EXERCISE MATERIAL START

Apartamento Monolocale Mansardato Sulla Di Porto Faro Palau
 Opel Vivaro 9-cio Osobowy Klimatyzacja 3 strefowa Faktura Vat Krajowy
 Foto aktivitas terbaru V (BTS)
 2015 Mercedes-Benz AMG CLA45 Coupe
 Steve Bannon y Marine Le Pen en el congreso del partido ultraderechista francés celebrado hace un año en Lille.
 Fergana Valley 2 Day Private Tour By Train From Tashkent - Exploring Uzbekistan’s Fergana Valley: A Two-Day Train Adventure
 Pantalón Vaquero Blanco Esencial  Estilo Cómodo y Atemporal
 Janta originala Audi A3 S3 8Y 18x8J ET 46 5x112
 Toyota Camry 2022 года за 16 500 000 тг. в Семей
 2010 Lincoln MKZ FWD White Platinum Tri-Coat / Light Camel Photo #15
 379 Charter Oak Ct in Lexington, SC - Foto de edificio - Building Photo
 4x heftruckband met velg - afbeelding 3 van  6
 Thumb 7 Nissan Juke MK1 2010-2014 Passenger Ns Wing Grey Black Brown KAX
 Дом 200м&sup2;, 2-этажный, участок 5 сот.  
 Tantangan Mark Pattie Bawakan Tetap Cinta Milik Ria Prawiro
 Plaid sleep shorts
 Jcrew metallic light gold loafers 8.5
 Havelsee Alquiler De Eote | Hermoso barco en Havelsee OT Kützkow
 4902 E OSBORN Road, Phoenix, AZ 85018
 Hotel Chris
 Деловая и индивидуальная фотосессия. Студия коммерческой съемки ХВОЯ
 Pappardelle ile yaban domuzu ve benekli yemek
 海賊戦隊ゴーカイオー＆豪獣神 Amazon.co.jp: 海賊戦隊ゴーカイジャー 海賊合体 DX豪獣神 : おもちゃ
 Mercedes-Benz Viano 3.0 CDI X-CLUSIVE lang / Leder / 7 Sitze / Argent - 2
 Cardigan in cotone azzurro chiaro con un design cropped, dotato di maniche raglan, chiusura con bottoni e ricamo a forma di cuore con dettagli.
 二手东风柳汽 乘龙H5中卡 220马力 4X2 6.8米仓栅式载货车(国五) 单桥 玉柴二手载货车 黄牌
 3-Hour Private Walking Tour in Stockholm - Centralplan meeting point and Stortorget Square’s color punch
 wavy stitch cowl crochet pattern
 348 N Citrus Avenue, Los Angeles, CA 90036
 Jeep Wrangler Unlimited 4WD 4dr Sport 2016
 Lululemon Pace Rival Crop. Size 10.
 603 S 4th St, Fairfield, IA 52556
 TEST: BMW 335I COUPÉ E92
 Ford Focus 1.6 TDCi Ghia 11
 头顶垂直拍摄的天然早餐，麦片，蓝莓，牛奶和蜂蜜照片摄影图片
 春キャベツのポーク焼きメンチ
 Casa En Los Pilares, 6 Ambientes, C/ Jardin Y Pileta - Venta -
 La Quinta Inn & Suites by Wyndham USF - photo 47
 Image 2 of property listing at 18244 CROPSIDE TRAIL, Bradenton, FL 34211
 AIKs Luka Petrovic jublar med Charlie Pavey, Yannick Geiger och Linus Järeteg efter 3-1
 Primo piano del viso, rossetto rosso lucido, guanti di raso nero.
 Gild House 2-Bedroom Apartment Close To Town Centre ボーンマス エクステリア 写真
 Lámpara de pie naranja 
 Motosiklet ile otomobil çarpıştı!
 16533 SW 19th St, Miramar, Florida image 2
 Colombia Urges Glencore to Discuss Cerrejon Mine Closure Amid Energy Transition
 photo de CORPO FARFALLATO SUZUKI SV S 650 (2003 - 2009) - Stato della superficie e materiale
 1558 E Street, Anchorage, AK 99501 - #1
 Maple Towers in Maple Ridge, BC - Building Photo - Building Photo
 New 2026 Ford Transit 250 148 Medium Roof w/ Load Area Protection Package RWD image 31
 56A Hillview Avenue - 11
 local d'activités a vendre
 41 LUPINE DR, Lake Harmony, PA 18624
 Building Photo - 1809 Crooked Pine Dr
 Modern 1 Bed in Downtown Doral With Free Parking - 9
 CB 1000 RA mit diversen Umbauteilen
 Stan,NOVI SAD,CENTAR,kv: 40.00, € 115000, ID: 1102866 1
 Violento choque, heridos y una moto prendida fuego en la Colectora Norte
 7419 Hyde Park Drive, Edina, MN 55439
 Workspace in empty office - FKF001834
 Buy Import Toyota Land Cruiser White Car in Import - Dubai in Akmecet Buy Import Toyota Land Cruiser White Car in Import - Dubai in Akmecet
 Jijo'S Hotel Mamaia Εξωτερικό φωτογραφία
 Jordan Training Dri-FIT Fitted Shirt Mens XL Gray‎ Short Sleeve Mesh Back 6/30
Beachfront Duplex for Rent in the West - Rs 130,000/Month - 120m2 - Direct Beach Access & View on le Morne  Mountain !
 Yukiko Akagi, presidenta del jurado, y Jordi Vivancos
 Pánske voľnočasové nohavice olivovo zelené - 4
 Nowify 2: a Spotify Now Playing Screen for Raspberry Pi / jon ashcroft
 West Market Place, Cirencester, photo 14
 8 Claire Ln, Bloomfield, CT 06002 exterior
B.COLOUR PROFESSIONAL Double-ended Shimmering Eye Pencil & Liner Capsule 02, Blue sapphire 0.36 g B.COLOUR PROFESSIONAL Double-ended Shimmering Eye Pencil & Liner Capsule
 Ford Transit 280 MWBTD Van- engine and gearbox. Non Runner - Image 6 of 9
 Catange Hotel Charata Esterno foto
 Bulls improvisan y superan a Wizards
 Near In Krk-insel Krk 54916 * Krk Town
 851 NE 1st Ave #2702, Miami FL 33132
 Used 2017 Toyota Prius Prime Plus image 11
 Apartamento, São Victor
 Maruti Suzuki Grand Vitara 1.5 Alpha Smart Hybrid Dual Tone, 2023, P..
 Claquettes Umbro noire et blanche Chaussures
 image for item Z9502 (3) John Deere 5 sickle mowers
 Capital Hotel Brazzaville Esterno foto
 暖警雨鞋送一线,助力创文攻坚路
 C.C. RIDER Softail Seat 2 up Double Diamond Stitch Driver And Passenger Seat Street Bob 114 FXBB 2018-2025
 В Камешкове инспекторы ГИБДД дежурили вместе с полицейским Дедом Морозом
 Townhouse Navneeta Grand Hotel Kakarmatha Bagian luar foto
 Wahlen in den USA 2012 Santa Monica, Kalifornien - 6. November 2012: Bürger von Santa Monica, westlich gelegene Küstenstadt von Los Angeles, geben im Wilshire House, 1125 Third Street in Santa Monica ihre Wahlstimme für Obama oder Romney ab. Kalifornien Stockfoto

EXERCISE MATERIAL END

TASK DESCRIPTION: Output, from the data above, the lines from the line with "Jcrew metallic light gold loafers 8.5" to the line with "Motosiklet ile otomobil çarpıştı!" exactly as they stand, both ends included and nothing else.

ANSWER SPACE:
 Jcrew metallic light gold loafers 8.5
 Havelsee Alquiler De Eote | Hermoso barco en Havelsee OT Kützkow
 4902 E OSBORN Road, Phoenix, AZ 85018
 Hotel Chris
 Деловая и индивидуальная фотосессия. Студия коммерческой съемки ХВОЯ
 Pappardelle ile yaban domuzu ve benekli yemek
 海賊戦隊ゴーカイオー＆豪獣神 Amazon.co.jp: 海賊戦隊ゴーカイジャー 海賊合体 DX豪獣神 : おもちゃ
 Mercedes-Benz Viano 3.0 CDI X-CLUSIVE lang / Leder / 7 Sitze / Argent - 2
 Cardigan in cotone azzurro chiaro con un design cropped, dotato di maniche raglan, chiusura con bottoni e ricamo a forma di cuore con dettagli.
 二手东风柳汽 乘龙H5中卡 220马力 4X2 6.8米仓栅式载货车(国五) 单桥 玉柴二手载货车 黄牌
 3-Hour Private Walking Tour in Stockholm - Centralplan meeting point and Stortorget Square’s color punch
 wavy stitch cowl crochet pattern
 348 N Citrus Avenue, Los Angeles, CA 90036
 Jeep Wrangler Unlimited 4WD 4dr Sport 2016
 Lululemon Pace Rival Crop. Size 10.
 603 S 4th St, Fairfield, IA 52556
 TEST: BMW 335I COUPÉ E92
 Ford Focus 1.6 TDCi Ghia 11
 头顶垂直拍摄的天然早餐，麦片，蓝莓，牛奶和蜂蜜照片摄影图片
 春キャベツのポーク焼きメンチ
 Casa En Los Pilares, 6 Ambientes, C/ Jardin Y Pileta - Venta -
 La Quinta Inn & Suites by Wyndham USF - photo 47
 Image 2 of property listing at 18244 CROPSIDE TRAIL, Bradenton, FL 34211
 AIKs Luka Petrovic jublar med Charlie Pavey, Yannick Geiger och Linus Järeteg efter 3-1
 Primo piano del viso, rossetto rosso lucido, guanti di raso nero.
 Gild House 2-Bedroom Apartment Close To Town Centre ボーンマス エクステリア 写真
 Lámpara de pie naranja 
 Motosiklet ile otomobil çarpıştı!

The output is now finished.